Heinz Insider Trading Highlights Need for Wall Street Transparency
NEW YORK (TheStreet) -- In Heinz's(HNZ) $28 billion acquisition by Warren Buffett's Berkshire Hathaway(BRK.A) and private equity firm 3G Capital, someone may have illegally made a $1.8 million profit using inside information, according to the Securities and Exchange Commission.
The SEC alleges a dormant trading account in Switzerland kicked into action buying up call options for Heinz just ahead of the ketchup maker's purchase by Berkshire and 3G Capital, in what it says is a violation of securities laws.
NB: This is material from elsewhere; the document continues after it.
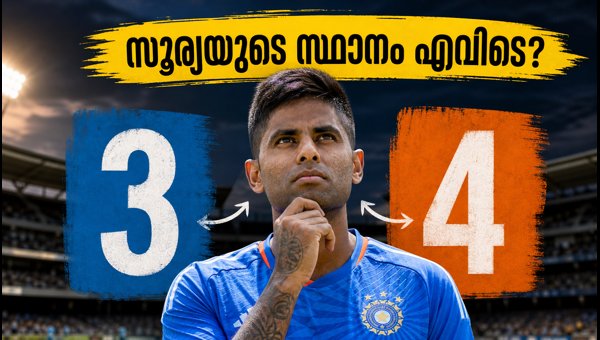 Suryakumar Yadav Batting Position: India's Strategy vs Afghanistan at Arun Jaitley Stadium 2026 Suryakumar Yadav Batting Position: India's Strategy vs Afghanistan at Arun Jaitley Stadium 2026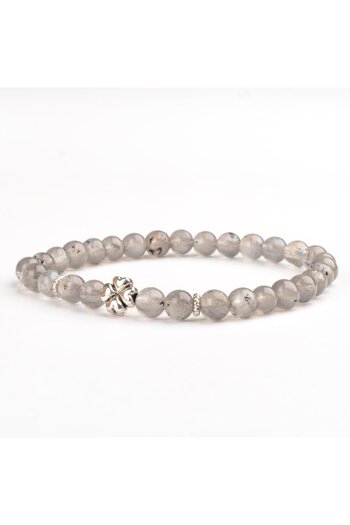 Mitr Labradorite Natural Stone Bracelet (6 mm) – Mystery Path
As it turns out, the SEC's allegation of insider trading and a court order to freeze the unnamed Zurich-based options account comes just as media reports indicate SAC Capital Management saw withdrawals of $1.7 billion, or a quarter of outside investor assets, as the hedge fund tries to battle allegations of insider trading levied against a handful of its former traders.
The separate news events, however, shouldn't be seen independently.
In fact, the SEC's quick ability to catch what it suspects is potentially illegal trading just over 24 hours after Heinz's proposed acquisition and a multi-year investigation to levy insider allegations against SAC Capital traders may prove the rationale for more transparency on Wall Street.
The SEC alleges that on Feb. 13, a day prior to Heinz's acquisition, the Swiss options account bought 2,533 out-of-the money June $65 calls for a total of nearly $90,000. "Between Sept. 1, 2012, and Feb. 13, 2013, the account through which the defendants traded had no prior history of trading in Heinz," the SEC states.
When Heinz's $72.50-a-share acquisition was announced, those trades stood to gain nearly $1.8 million, a 1,700% return from the prior day when the contracts were traded.
At the heart of the issue is whether fraud goes undetected by regulators like the SEC for the simple reason that trading occurs in hard-to-regulate over-the-counter markets, or so-called dark pools of opaque stock trading.